You may recall a few months ago, graffiti artist Katsu committed the first recorded act of “drone graffiti.” Using a modified quadcopter, Katsu sprayed red scribbles over a gigantic Kendall Jenner billboard in New York City. The tag itself wasn’t the most impressive, but it started a lot of commotion. Maybe because the graffiti was strategically splattered over the face of a Kardashian. Or maybe because it’s not every day we see spray painting drones buzzing around. I’d like to think it’s the latter.
Now Katsu wants everyone to have the power to spray paint via drone (Kardashian billboards optional). That’s where he got the idea to launch the “world’s first open-source paint drone,” aka Icarus One.
The Icarus One website is basically a step-by-step guide to building your own graffiti drone, including a hefty shopping list of all the things you’ll need to do so. Artists will need a bunch of electronics to make the Icarus controller, a steel tomato cage to hold the spray paint can in place, and an actual drone to do the flying. (Katsu’s guide is built for the DJI Phantom 2, which costs around $500.)

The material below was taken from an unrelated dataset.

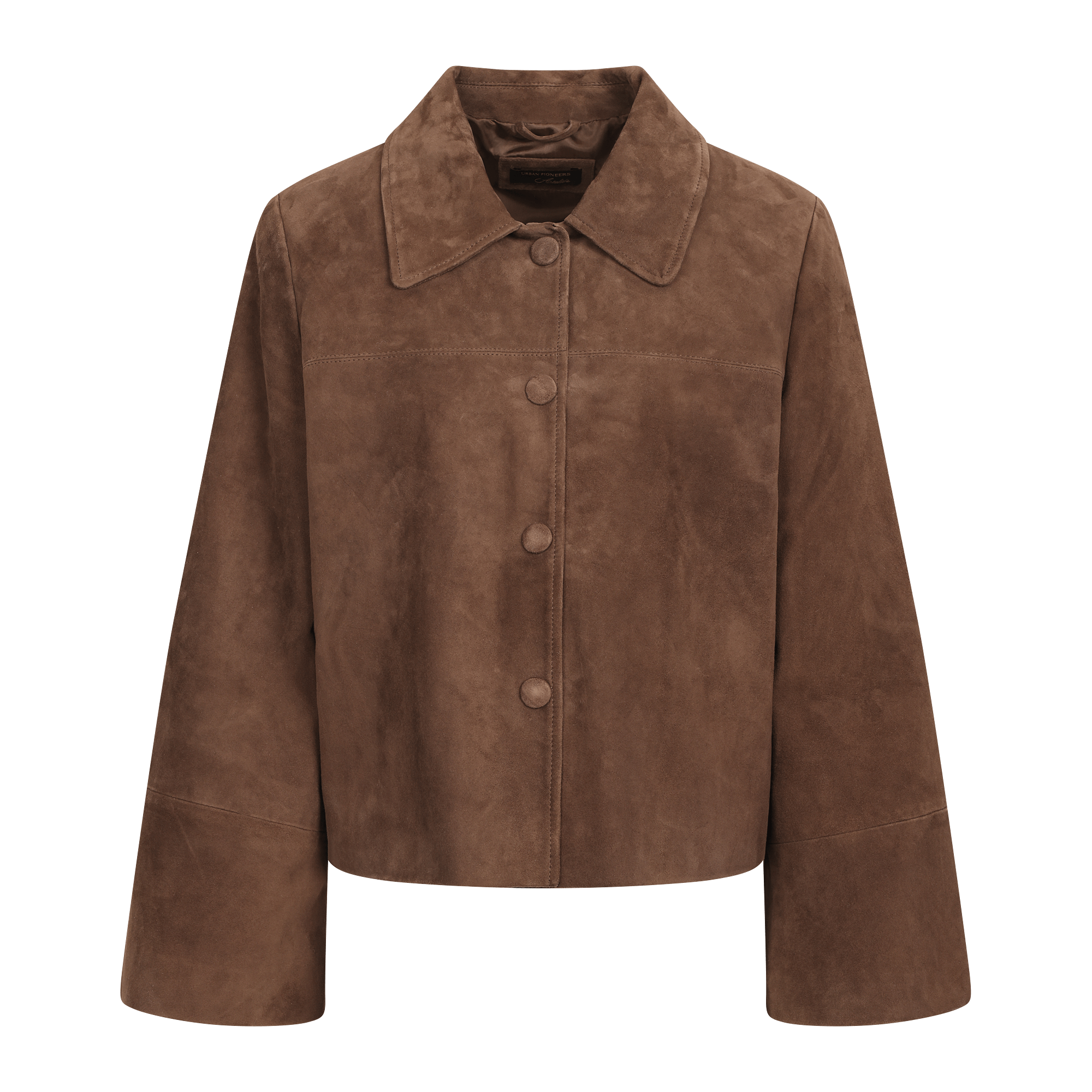Gustava Jacket - Chocolate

Creating a final product wouldn’t exactly be easy (or cheap). You’d need to 3D-print some of your own parts, but the site also offers an option to buy one pre-made.
However, controlled paintwork isn’t something Icarus is capable of right now. Katsu says this is only the beginning for the project and plans to develop a second version of the drone (named Icarus Two) that will use computer vision to let artists draw their tag on an iPad before the drone executes it automatically.
Controlled or not, artists can still create some pretty amazing paintings (watch Katsu use his drone to paint a “dronescape” in Coney Island). And the thought of sitting on a rooftop at night while your drone tags the building across might just bring out the inner daredevil in all of us.